Anche perché “Boris” per un brevissimo momento ha fatto sperare che «Una nuova
tv fosse possibile», magari anche noi avremmo potuto avere serie comiche
brillanti come fanno tuti gli altri Paesi del mondo, ma invece niente, nisba, nada, zip!

Living in  Oborisivion (eh!?)

Quello che abbiamo avuto è un film nel 2011, molto bello nel
suo cercare di prendere di mira i cinepanettoni e quella “Kasta” Berlusconiana
che in quel periodo andava per la maggiore, ma il risultato finale non ha la stessa
forza della serie tv, forse perché ha fatto l’errore di lasciare troppi personaggi
sullo sfondo, quando invece sul piccolo schermo, era proprio il gruppo a
rendere “Boris” qualcosa di speciale, purtroppo irripetibile come un
pesce rosso nella sua vaschetta, un caso solitario e isolato.

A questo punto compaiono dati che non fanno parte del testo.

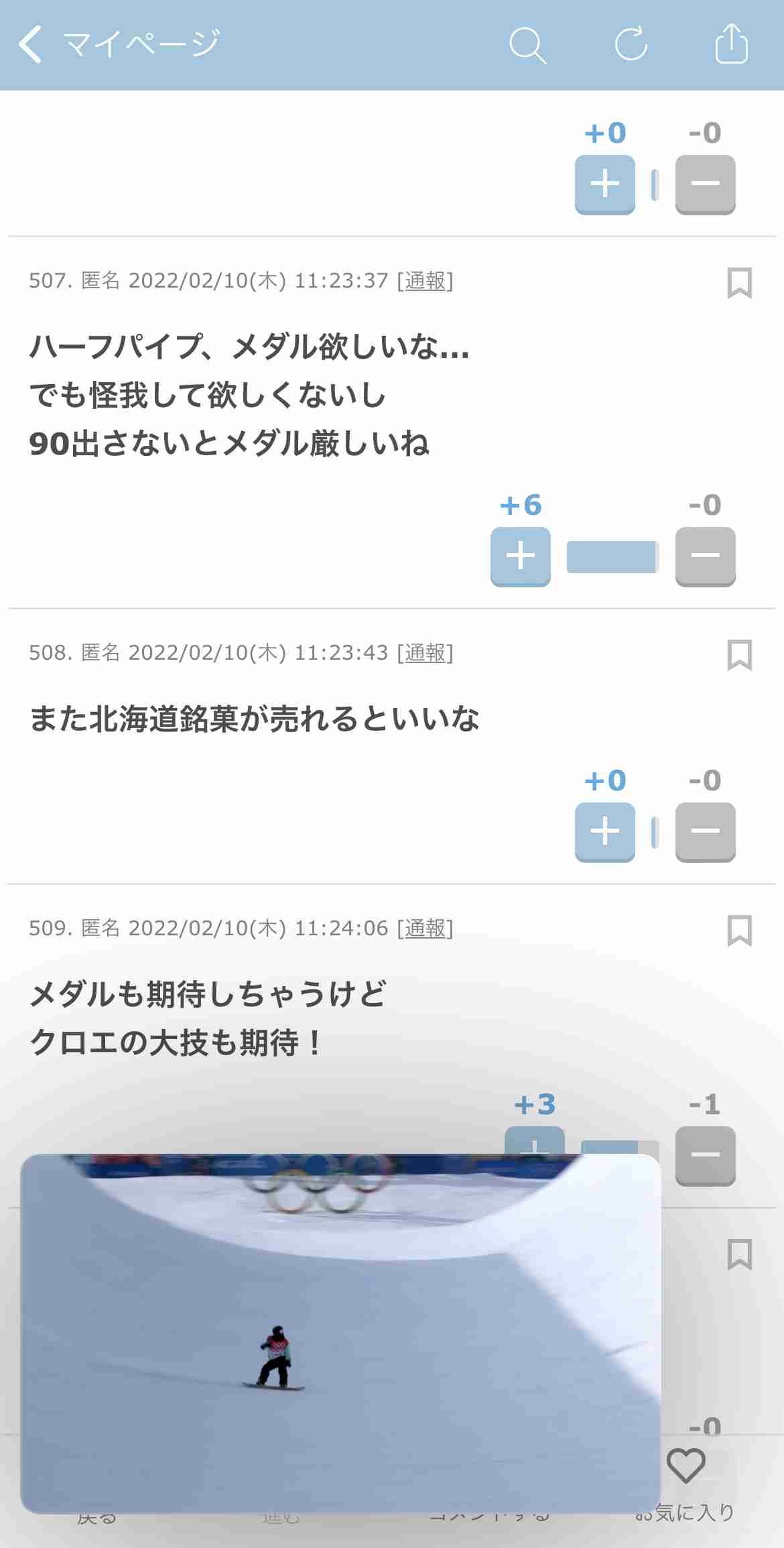 【実況・感想】北京オリンピック2022 総合トピ 2月10日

Se mai uscisse, successo garantito al limone in uno strambo Paese a forma di scarpa.

Evito di raccontare dettagli, momenti più riusciti e gag più
divertenti, perché tanto avremmo modo di scatenarci nella sezione commenti, ci
tengo solo a sottolineare quando “Boris” sia stato una tempesta perfetta irripetibile,
con il suo mettere alla berlina una televisione fatta tenendo conto delle
amichette dei politici oppure dei risultati delle elezioni, ha davvero
raccontato usi e (pessimi) costumi di uno strambo Paese a forma di scarpa dove
un “Don Matteo” o un “Montalbano” qualunque, faranno sempre più ascolti di
qualunque altra serie televisiva Yankee girata con attori provenienti da
Hollywood e gazzilioni di fogli verdi con sopra facce di ex presidenti spirati.

Sono sicuro che Paolo Sorrentino (che compare nella parte di
sé stesso in un episodio) potrebbe raccontarci di tutte le volte in cui è stato
scambiato per Matteo Garrone proprio come accade in “Boris”, quindi si ride con
questa serie, si ride tantissimo ma nella tradizione migliore Italiana, quella
dei primi film di Carlo Verdone o di Monicelli, spesso è un riso amaro. Forse
la verità stava del delirante (ma geniale) monologo di uno dei tre
sceneggiatori, quella “locura” è davvero quello che rappresenta meglio l’Italia
e i suoi abitanti, un Paese di santi, poeti e teledipendenti.

Il più grande monologo di sempre? Forse.

“Boris” merita di essere visto e rivisto ancora oggi, anche
se ormai le sue frasi e i suoi tormentoni sono parte della cultura popolare,
perché proprio come le grandi parodie ha saputo far ridere certo, ma anche dire
la verità meglio di tutti. Guardando “Boris” ancora oggi, emerge la
consapevolezza che in uno strambo Paese a forma di scarpa no, una nuova
televisione non è possibile perché la merda ha vinto, quindi…

Con questo tocco di classe, anche per oggi il post lo abbiamo portato a casa.